> Exercise directions: Would you retype, word for word, the line with "A complete globe" and each line after it to the end of the entries below, leaving the pictures out?

Extracted records:
Content starts

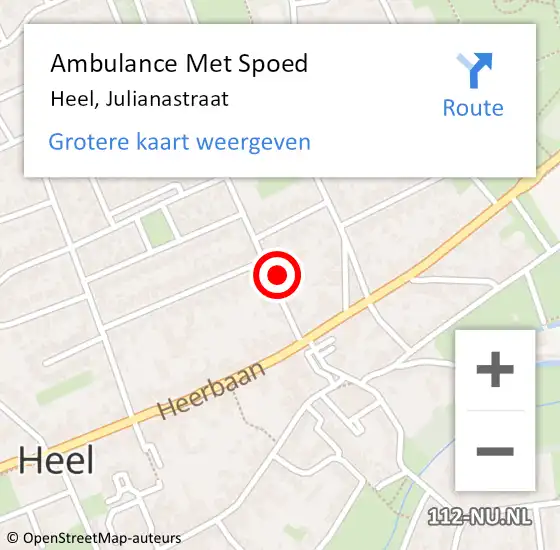 Locatie op kaart van de 112 melding: Ambulance Met Spoed Naar Heel, Julianastraat op 14 januari 2018 19:58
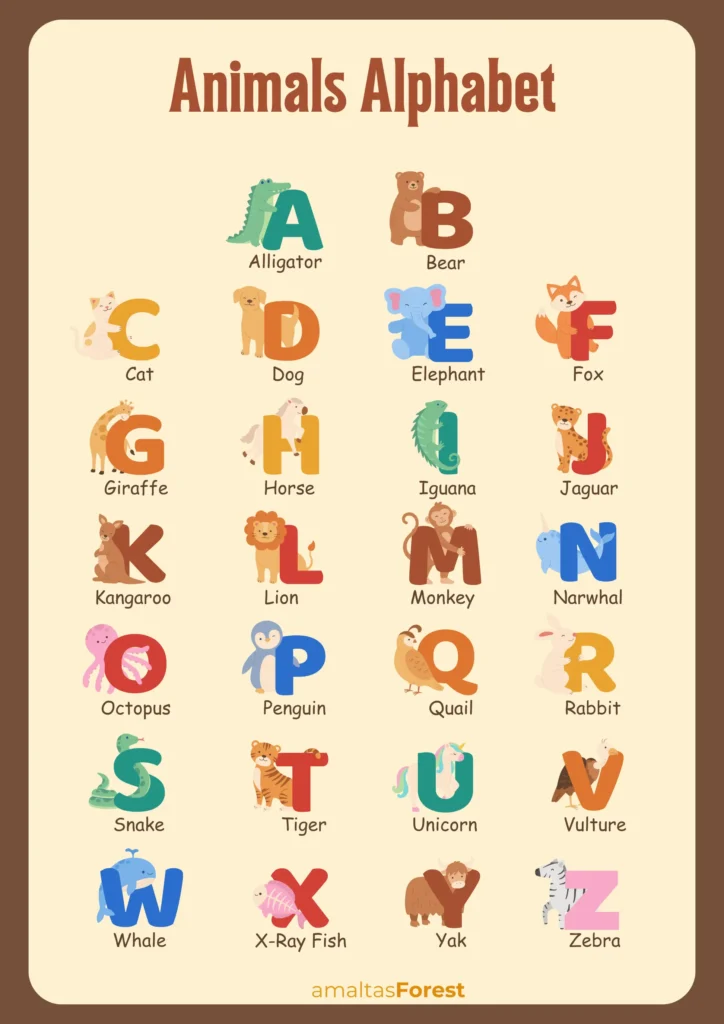  alphabet animals drawing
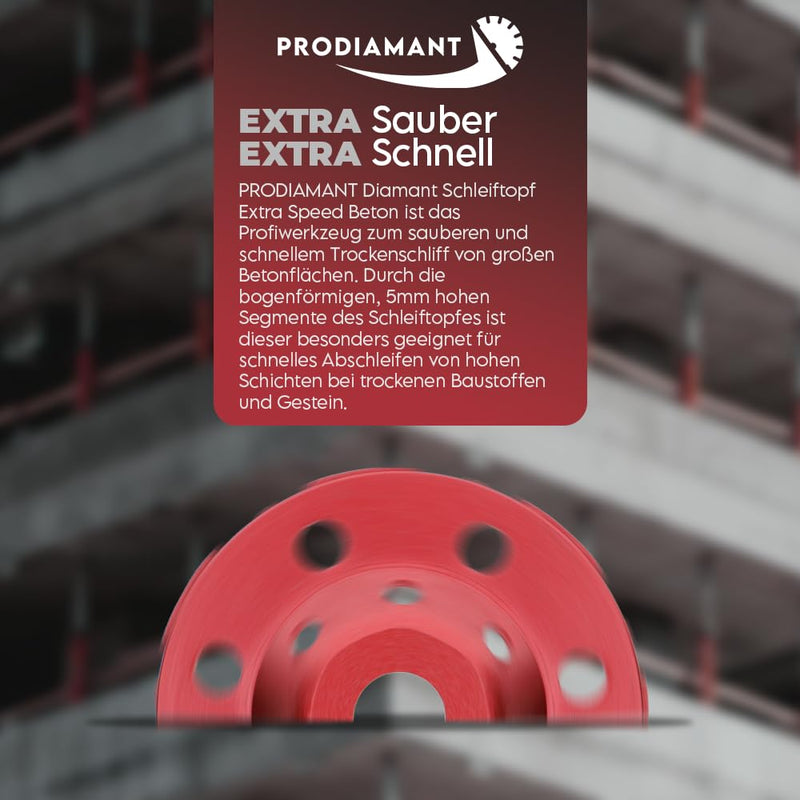 PRODIAMANT diamond grinding cup extra speed concrete 125 mm x 22.2 mm grinding disc for concrete tile adhesive and masonry 125mm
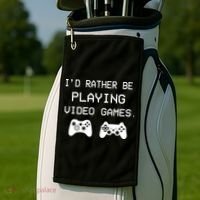 I'd Rather Be Playing Video Games Golf Towel thumb 2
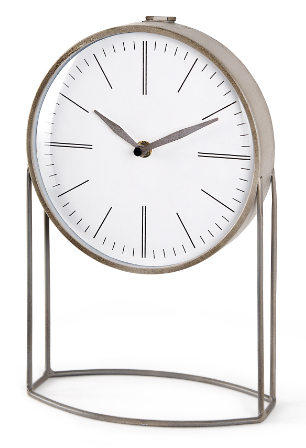 Aurus Matte Gray Metal Table Clock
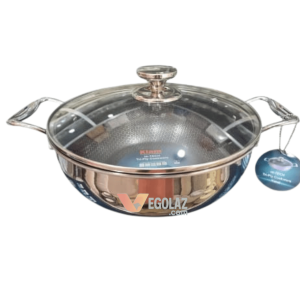 Kiam 26cm Honeycomb Triply Karai with Glass Lid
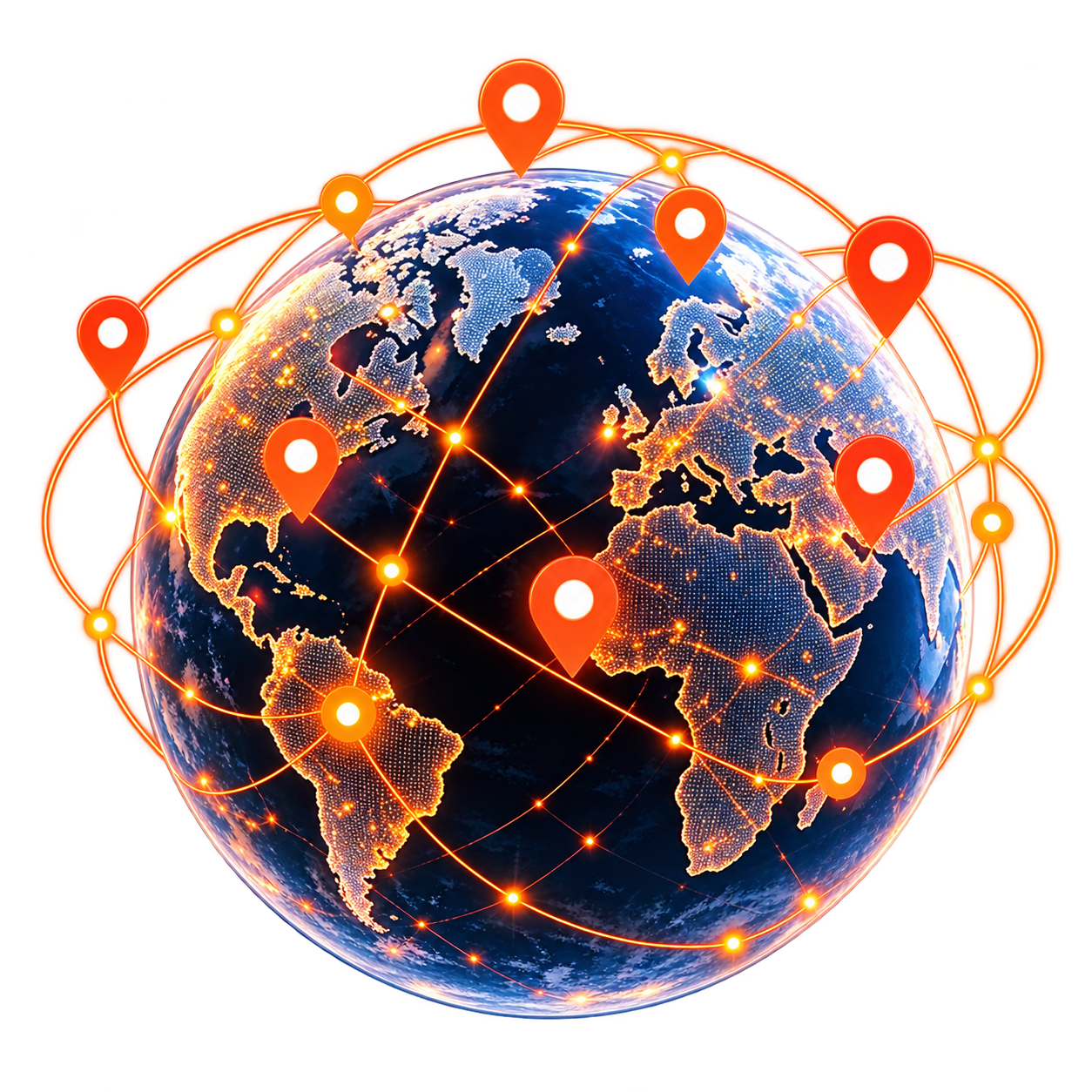 A complete globe showing international audience connections
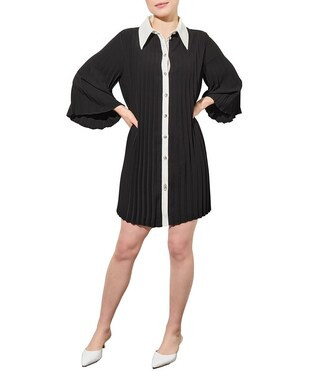 Crepe de Chine Pleated Contrast Trim Point Collar 3/4 Bell Sleeve Button-Front Shirt Dress | Dillard's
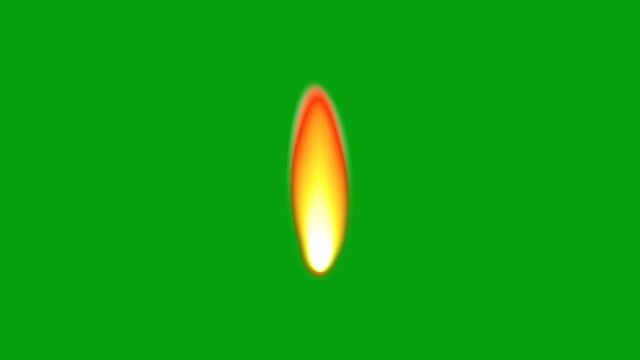 Candle flame motion graphics with green screen background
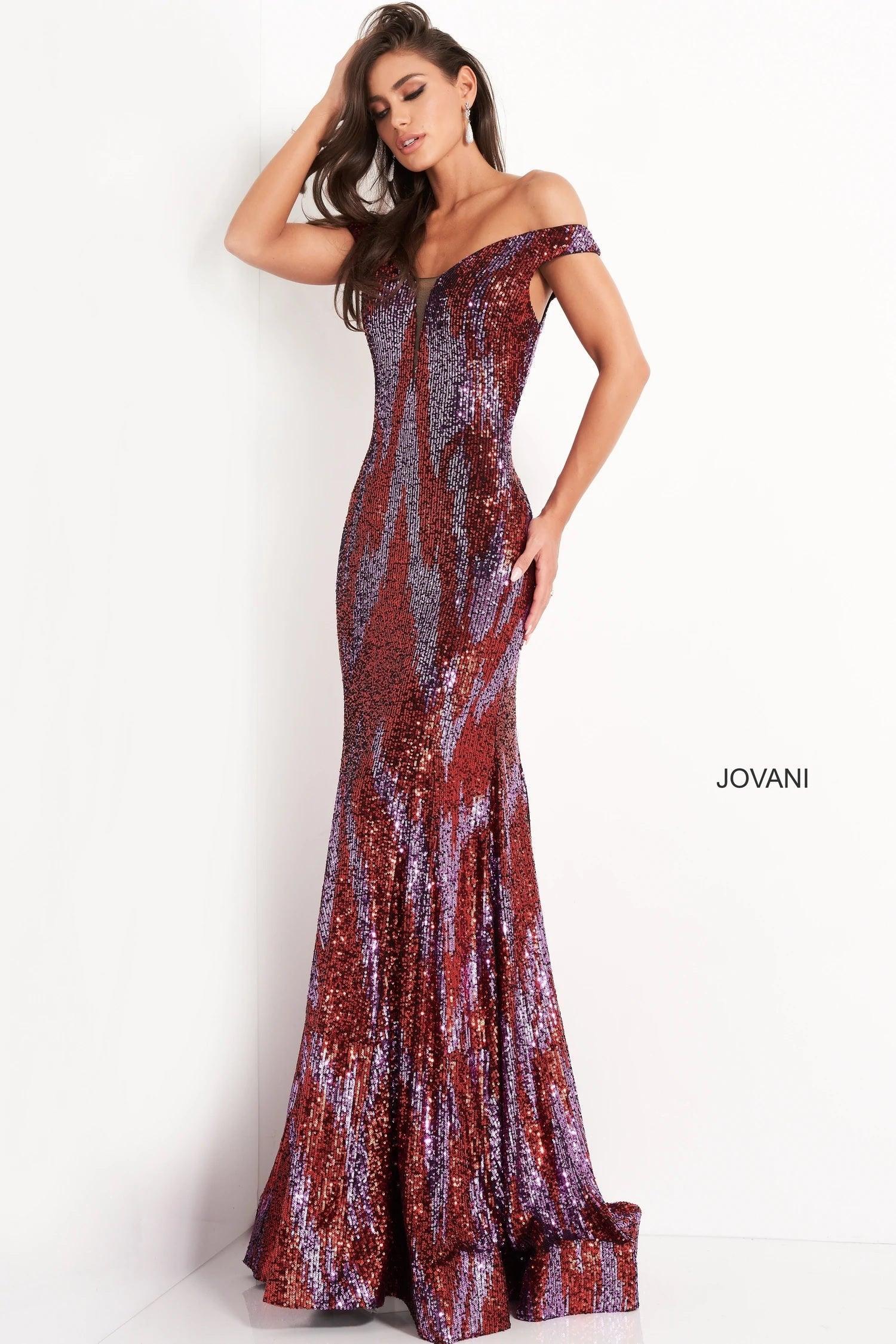 Jovani Off Shoulder Long Prom Dress 04149 - The Dress Outlet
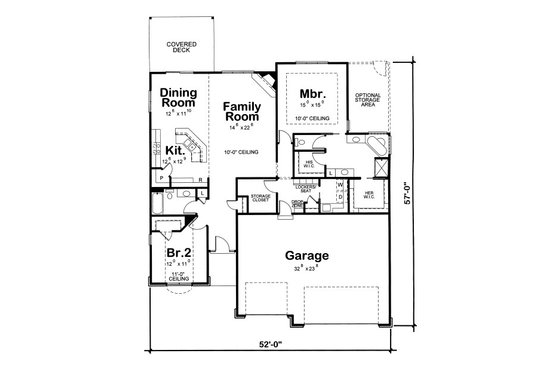 Floor Plan - Main Floor for Traditional House Plan #20-2089 - 2 bed, 2 bath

Content ends

> Response to the exercise:
 A complete globe showing international audience connections
 Crepe de Chine Pleated Contrast Trim Point Collar 3/4 Bell Sleeve Button-Front Shirt Dress | Dillard's
 Candle flame motion graphics with green screen background
 Jovani Off Shoulder Long Prom Dress 04149 - The Dress Outlet
 Floor Plan - Main Floor for Traditional House Plan #20-2089 - 2 bed, 2 bath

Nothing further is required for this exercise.